Strongly hyperbolic second order Einstein's evolution equations

TL;DR

This paper proves that a class of Einstein's evolution equations used in numerical relativity, specifically BSSN-type equations with densitized lapse, are strongly hyperbolic, ensuring well-posedness of the initial value problem.

Contribution

It demonstrates that a pseudo-differential first order reduction of BSSN-type equations yields strongly hyperbolic systems without adding extra equations or constraints.

Findings

BSSN-type equations are strongly hyperbolic after reduction.

Densitized Arnowitt-Deser-Misner equations are weakly hyperbolic.

The reduction preserves arbitrary lapse and shift functions.

Abstract

BSSN-type evolution equations are discussed. The name refers to the Baumgarte, Shapiro, Shibata, and Nakamura version of the Einstein evolution equations, without introducing the conformal-traceless decomposition but keeping the three connection functions and including a densitized lapse.
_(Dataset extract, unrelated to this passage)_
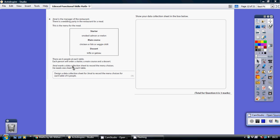We want a data collection sheet. We need one sheet for each table so we can record for each table. Each table has six people, which of these they chose.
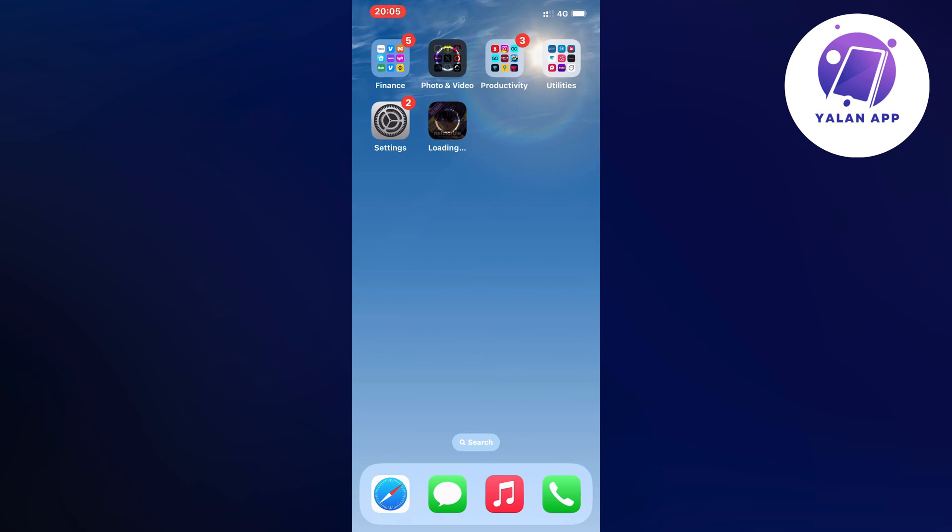Basically what will happen now is that your app will now update to the absolute latest version and it's going to fix all the bugs that was in the previous one.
It is proved that a pseudo-differential first order reduction of these equations is strongly hyperbolic. In the same way, densitized Arnowitt-Deser-Misner evolution equations are found to be weakly hyperbolic. In both cases, the positive densitized lapse function and the spacelike shift vector are arbitrary given fields. This first order pseudodifferential reduction adds no extra equations to the system and so no extra constraints.